Rene Girard has been called the “Darwin of the Human Sciences.” A historian, literary critic, and philosopher of social science, he made contributions to literary criticism, critical theory, anthropology, theology, mythology, sociology, economics, cultural studies, and philosophy– most prominently, his psychology of desire: mimetic theory. But relatedly, he also developed a powerful interpretation of human culture and its use of what he called the “scapegoat mechanism.”

His thought has impacted scholarship, and also more worldly endeavors like marketing and sales, even online influencing.

But perhaps most saliently in our moment, it has informed and animated the thought and efforts of the techno-right. Here, a fascinating “intellectual history”– and critique– of the appropriation of Girard by Peter Thiel, J. D. Vance, and their fellow travelers…

This past summer, I was surprised to encounter a face I knew in two most unexpected places. The first was in a photo montage accompanying an article written by Josh Kovensky of Talking Points Memo in the wake of J.D. Vance becoming the Vice Presidential nominee, entitled “A Journey Through the Authoritarian Right.” Arranged in the collage among images of a ripped man with lasers shooting from his eyes, of anti-democracy blogger Curtis Yarvin, and of Peter Thiel rubbing Benjamins between his thumb and forefinger, was my former professor and friend from Stanford University, René Girard. I was in France at the time; mere hours after reading Kovensky’s piece, I saw through the window of a taxi René’s face again—this time in the form of a larger-than-life decal on a light rail car in Avignon, where as it happens he is one of a dozen local heroes permanently celebrated on the new transit system. What do the medieval, culturally-rich, Provençal city of Avignon and the American authoritarian right have in common? Both claim a bond with this influential philosopher and member of L’Académie Française, who died in 2015. Only one of the claims is legitimate. The misappropriation of Girard’s ideas by the American right is not just a matter of academic concern; it has significant implications for our political discourse and society.

As it turns out, I know exactly where this illegitimate claim to Girard’s legacy started. For several years in the 1990s, I was part of a small reading group that met bi-weekly on the Stanford campus in a trailer left over from the 1989 Loma Prieta earthquake. The group—a kaleidoscope of visiting scholars, a few former students [the author had been a Stegner Fellow at Stanford] and some of Girard’s campus friends—was led by Girard himself, and though he was already an influential thinker at the time, and though his theories and ideas pervaded our discussions and were the reason we gathered, one member of that intimate group of ten or so has gone on to eclipse Girard in terms of visibility and political influence: Peter Thiel.
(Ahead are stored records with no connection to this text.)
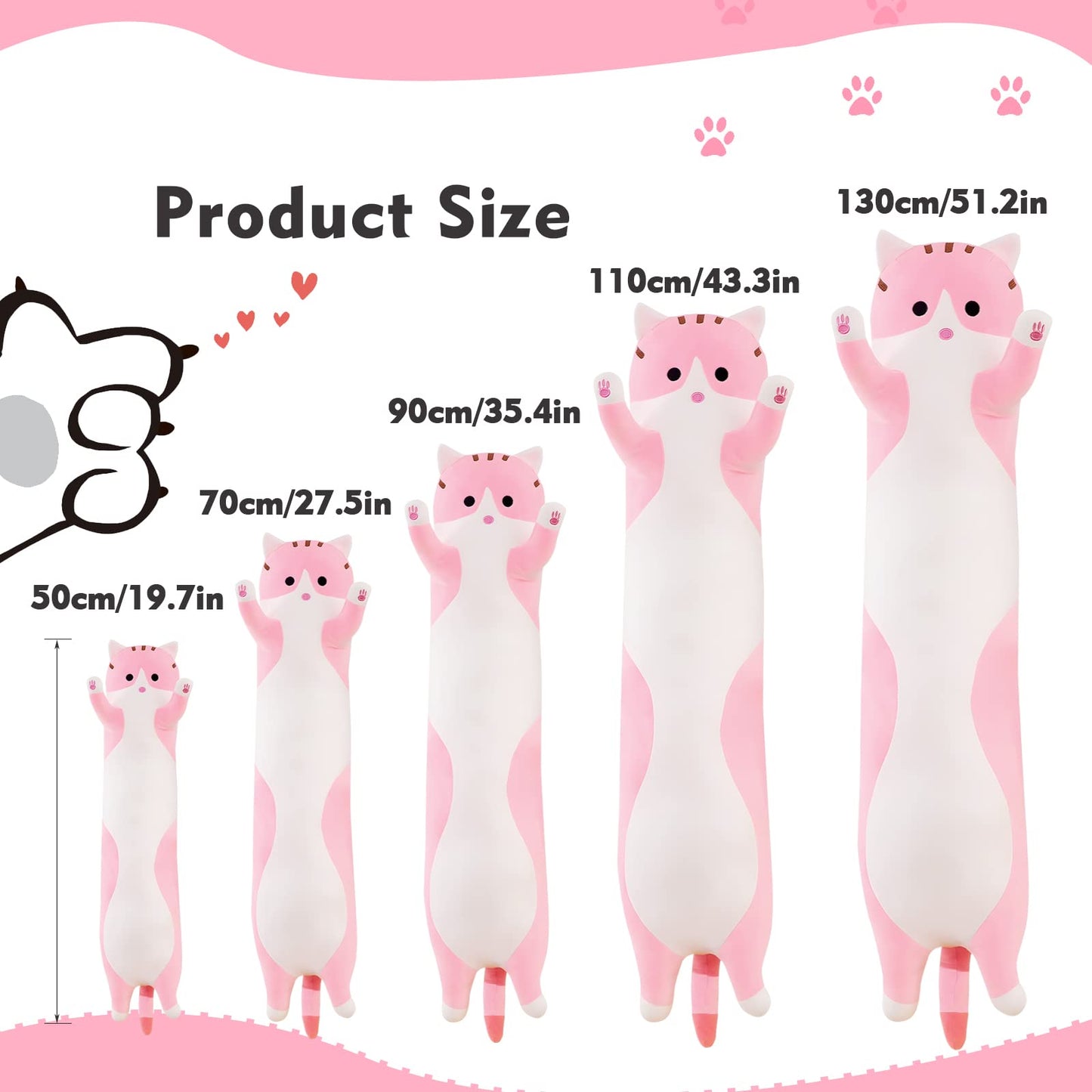 NXNYNZ Long Cat Plush Pillow 51.1in – Pink Cat Body Pillow for Cozy Lounging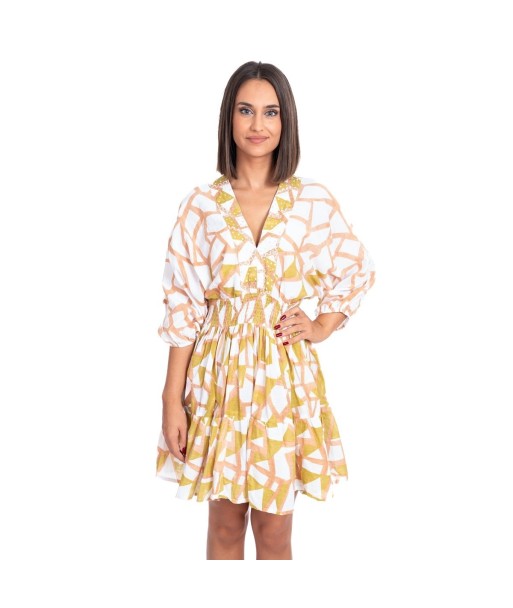 Vestido Corto Blanco Estampado para Mujer - Moda Elegante y Casual, Ideal para Fiesta y Ocasiones Especiales,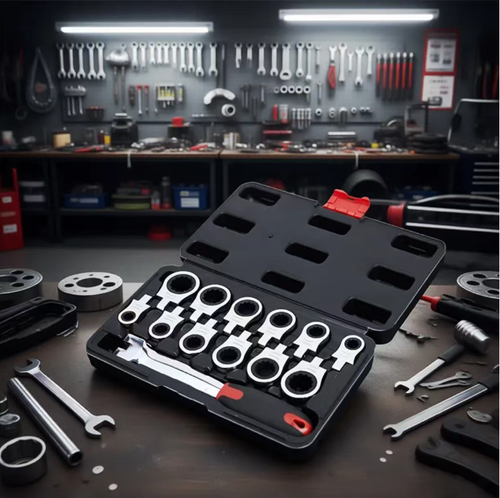 This 13-piece set of replaceable head ratchet and hex wrenches comes with 1 handle and 13 heads. It features a 72-tooth ratchet and a 5° narrow swing angle, allowing you to reach even the hard-to-reach spots. The heads can be easily replaced with just a quick unscrewing and screwing. Made of chrome-vanadium steel for rust resistance and durability, it comes with a compact storage box for easy portability. The efficiency is increased by three times!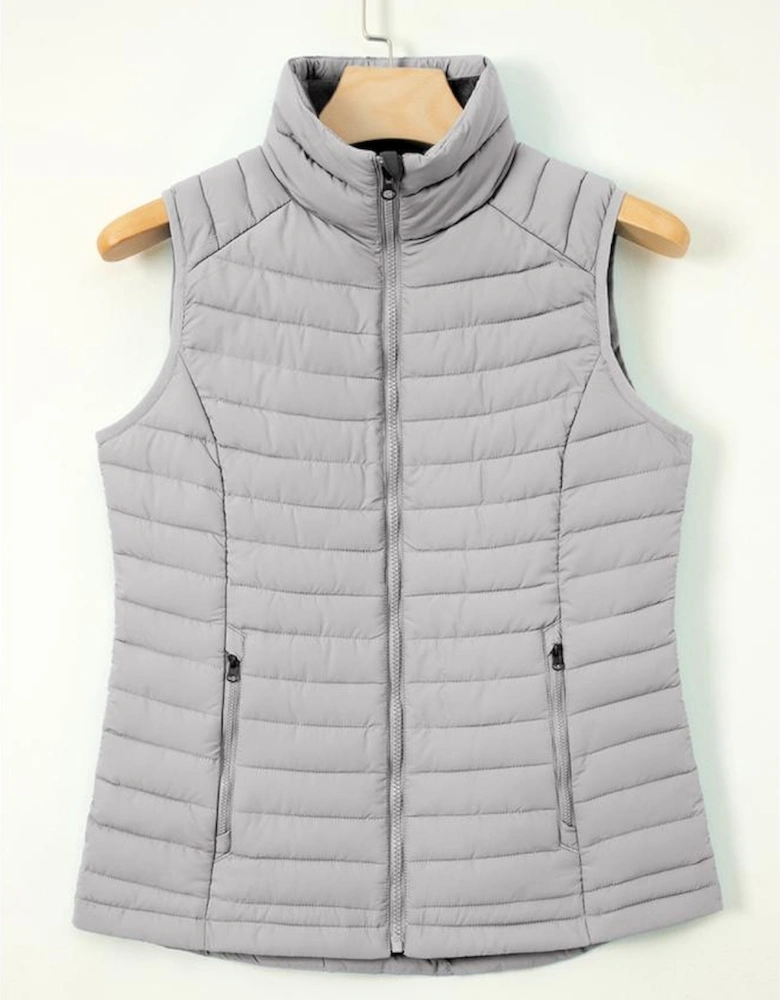 Silvery Plush Collared Quilted Zipped Puffer Vest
That Thiel participated in this study group has been noted in a small subset of the countless articles that reference his connection to Girard. Journalists, podcasters, and young entrepreneurs alike have hoped to find in Thiel’s acknowledged devotion to Girard’s work a master key that, properly handled, could unlock the mystery of Thiel and explain everything from his success as a venture capitalist to his 2016 endorsement of Donald Trump. That some wannabe billionaires have ordered Violence and the Sacred or Deceit, Desire and the Novel from Amazon and scanned its chapters in search of an “open sesame” to affluence is as surreal a proposition as it is doubtless something that actually occurs—the aspiring mogul’s equivalent of clicking on one of those “one weird trick” links that promise a hack to making money and improving your health.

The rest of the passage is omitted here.